FP 2030: Upaya Kapitalisasi Bonus Demografi untuk mempercepat kesejahteraan rakyat dan menjadikan Indonesia sebagai Macan Asia

Indonesia menjadi tuan rumah penyelenggaraan kegiatan FP2030 Asia-Pacific Focal Points/South-South Learning Workshop bersama FP2030 Asia-Pasifik dan UNFPA Indonesia pada 08-10 Oktober 2025 di Nusa Dua, Bali.

Dalam pembukaan kegiatan tersebut, Sekretaris Kementerian Kependudukan dan Pembangunan Keluarga/Sekretaris Utama Badan Kependudukan dan Keluarga Berencana Nasional (Kemendukbangga/BKKBN), Prof. Budi Setiyono, Ph.D, menyampaikan penghargaan dan apresiasi atas terpilihnya Indonesia sebagai tuan rumah saat membuka Kegiatan FP2030 Asia-Pacific Focal Points/South-South Learning Workshop tahun 2025.

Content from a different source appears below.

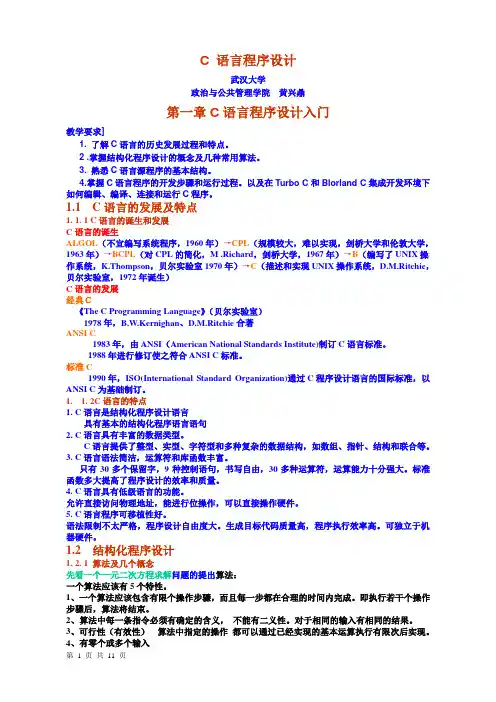 第1章 C语言程序设计入门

Meskipun kawasan Asia dan Pasifik masih menghadapi berbagai tantangan dalam bidang keluarga berencana dan kependudukan yang memerlukan komitmen bersama lintas sektor, namun Prof. Budi mengatakan bahwa kawasan ini juga telah menunjukkan kemajuan yang signifikan. Salah satu capaian penting adalah semakin diakuinya keluarga berencana bukan sekadar isu kesehatan reproduksi, melainkan juga isu fundamental yang berkaitan dengan tata kelola demografi, hak asasi manusia, kesehatan, kesetaraan gender, serta pembangunan berkelanjutan.

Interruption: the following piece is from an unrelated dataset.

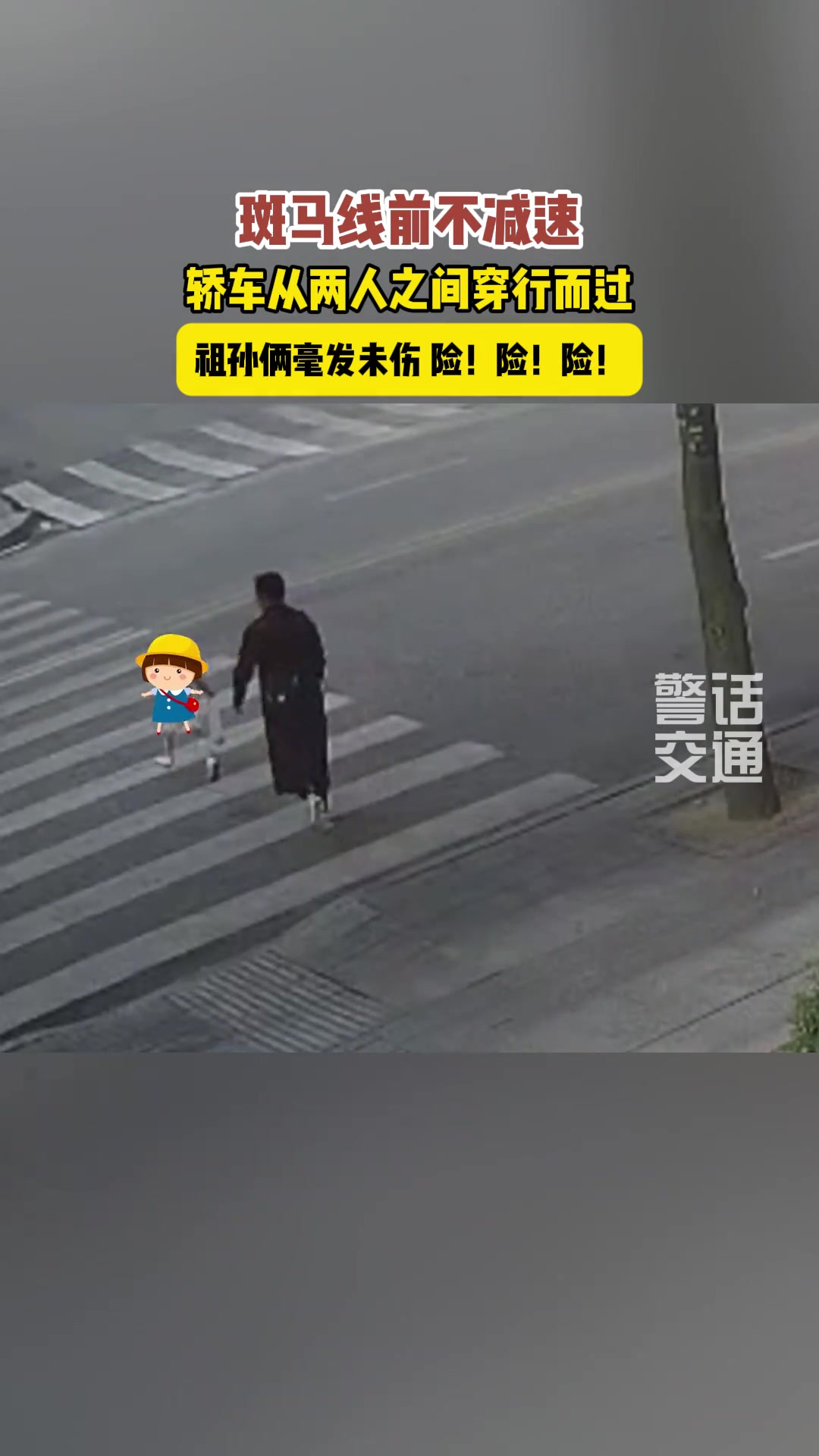 惊险一幕，轿车与祖孙两擦身而过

Prof Budi mengatakan, Indonesia di bawah kepemimpinan Presiden Prabowo Subianto semakin menegaskan komitmennya untuk membangun bangsa yang sejahtera, berkeadilan, dan tangguh di pentas internasional.

Visi pembangunan Presiden dalam Asta Cita menekankan pentingnya investasi dalam sumber daya manusia, penguatan ketahanan keluarga, pemberdayaan perempuan, pemuda dan penyandang disabilitas sebagai landasan masa depan Indonesia.

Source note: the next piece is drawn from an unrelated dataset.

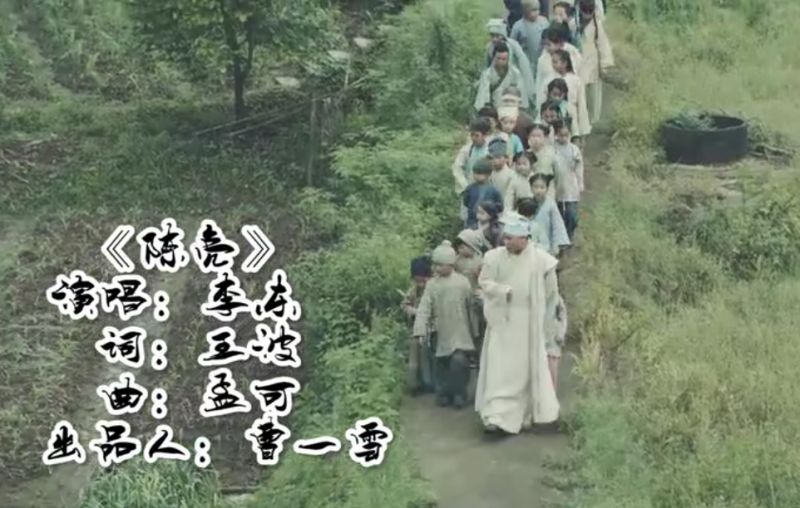 少年陈亮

Sejalan dengan prioritas nasional, Kemendukbangga/BKKBN terus memastikan bahwa inisiatif kependudukan, kesehatan reproduksi, dan pemberdayaan keluarga berkontribusi langsung terhadap peningkatan kualitas sumber daya manusia menuju cita-cita Indonesia Emas 2045.

Upaya-upaya ini memainkan peran penting dalam mengurangi stunting, mengoptimalkan tumbuh kembang anak, mencegah pernikahan dini, dan memperluas kesempatan yang setara bagi perempuan dan kaum muda untuk mencapai potensi penuh mereka. Selain itu, perhatian pemerintah juga menyentuh kaum lansia, agar mereka tetap bisa menjalani hidup yang prima di hari tua.

Keberhasilan Indonesia

“Selama lima dekade terakhir, Indonesia telah mencapai kemajuan luar biasa dalam pengelolaan kependudukan,” ujar Prof. Budi.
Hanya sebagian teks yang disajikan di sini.